Analysis of PMN infiltration in vivo by zymosan-induced peritonitis. Zymosan (0.5 mg) was administered (i.p.) into mice (female, 20–22 g) followed by measuring PMN infiltration and other changes at different time points. (A) PMN infiltration into the peritoneum. The data are expressed as means ± SEM. (B) Dynamic changes of F4/80+ macrophages and monocytes in the peritoneum. (C) Serum inflammatory cytokines associated with peritonitis at 4 h post–zymosan injection. (D) In vitro assay of macrophage response. Peritoneal macrophages obtained from WT and CD47−/− mice were challenged with 0.5 mg zymosan in vitro followed by detection of IL-6 released. (E) Adoptive transfer of leukocytes followed by inducing peritonitis confirmed that CD47 deficiency does not impede PMN infiltration. BM leukocytes derived from WT and CD47−/− mice were labeled with CFSE (green) and DiIC16 (3) (red), respectively, and mixed at 1:1 ratio followed by transferring into recipient WT or CD47−/− mice. Zymosan-induced peritonitis was then induced in recipient mice, and peritoneal in-filtration of donor PMN at 4 h was analyzed. The data are expressed as means ± SEM. Original magnification ×100. *p < 0.01. MØ, Macrophages.
Because CD47 is broadly expressed on both leukocytes and tissue cells, we designed adoptive-transfer experiments to separately address the role of CD47 on PMN or tissue cells. In these experiments, PMN were isolated from WT and CD47−/− mice. After labeling with different dyes (red and green), these cells were mixed and cotransferred into other WT or CD47−/− recipient mice. As shown in Fig. 2E, inducing peritonitis in recipient mice by zymosan found that WT and CD47−/− PMN were equally recruited into the peritoneum in either WT or CD47−/− recipient mice. Thus, these results suggest that CD47 expression on both PMN and tissue cells were dispensable for PMN infiltration in vivo.

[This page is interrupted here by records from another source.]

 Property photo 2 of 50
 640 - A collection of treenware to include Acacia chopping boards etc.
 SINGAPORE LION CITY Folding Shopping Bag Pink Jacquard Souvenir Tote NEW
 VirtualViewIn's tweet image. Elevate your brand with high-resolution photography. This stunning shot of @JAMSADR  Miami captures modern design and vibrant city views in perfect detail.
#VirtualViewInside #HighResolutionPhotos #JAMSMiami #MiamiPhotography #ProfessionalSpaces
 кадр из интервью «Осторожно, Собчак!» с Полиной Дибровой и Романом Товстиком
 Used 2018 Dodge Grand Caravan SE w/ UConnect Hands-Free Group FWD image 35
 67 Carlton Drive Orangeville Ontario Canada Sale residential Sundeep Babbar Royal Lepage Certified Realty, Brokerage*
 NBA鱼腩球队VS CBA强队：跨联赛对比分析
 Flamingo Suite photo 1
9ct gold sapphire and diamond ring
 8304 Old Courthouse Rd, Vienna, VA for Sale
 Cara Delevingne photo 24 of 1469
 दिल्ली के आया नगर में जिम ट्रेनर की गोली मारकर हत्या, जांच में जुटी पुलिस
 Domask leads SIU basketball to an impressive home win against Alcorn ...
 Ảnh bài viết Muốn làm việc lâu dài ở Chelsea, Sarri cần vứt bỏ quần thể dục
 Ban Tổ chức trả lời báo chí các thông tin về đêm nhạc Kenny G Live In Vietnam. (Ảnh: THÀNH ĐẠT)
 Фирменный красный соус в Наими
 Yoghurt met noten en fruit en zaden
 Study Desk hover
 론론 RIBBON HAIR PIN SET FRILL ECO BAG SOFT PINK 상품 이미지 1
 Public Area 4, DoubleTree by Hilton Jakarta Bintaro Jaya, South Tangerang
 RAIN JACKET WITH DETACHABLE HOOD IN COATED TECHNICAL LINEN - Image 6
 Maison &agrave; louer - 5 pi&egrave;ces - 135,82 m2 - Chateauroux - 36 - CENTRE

Resistance of CD47−/− mice to chronic but not highly aggressive acute colitis
It was perplexing in the current study to observe that CD47 depletion caused no inhibition in PMN transmigration, whereas previous studies suggested that CD47−/− mice were associated with decreased levels of inflammation presumably due to decreases in PMN infiltration (7–9). To investigate the discrepancies between our results and previous findings, we induced two sets of colitis in CD47−/− mice and studied PMN infiltration under these conditions. In the first set, mice were given 4% DSS in the drinking water to induce highly progressive acute colitis. As shown in Fig. 3A, all tested CD47−/− and WT mice rapidly developed intensive colitis and succumbed to the treatment in 5–7 d. Examination of the intestines on day 6 revealed significantly shortened large intestines in both strains (Fig. 3B). Tissue sectioning and staining demonstrated severe structural damage of mucosal epithelial layers (Fig. 3C) and aggressive PMN infiltration (Fig. 3D). Thus, CD47−/− offered no protection in acute colitis.
FIGURE 3.
CD47−/− mice do not resist 4% DSS-induced colitis. Mice (female, 20–22 g) were given 4% DSS in drinking water continuously. (A) Development of colitis monitored by body weight loss, diarrhea, and other body conditions (clinical scores evaluated on day 6 are shown in right panel). (B) Shortening of the large intestines on day 6. (C) Histology of colon tissues (H&E staining). (D) PMN infiltration into intestines detected by anti–Ly-6G staining and measuring of tissue-associated MPO (per 200 μg of protein in tissue lysates) on day 6. Original magnification ×100 (C, D).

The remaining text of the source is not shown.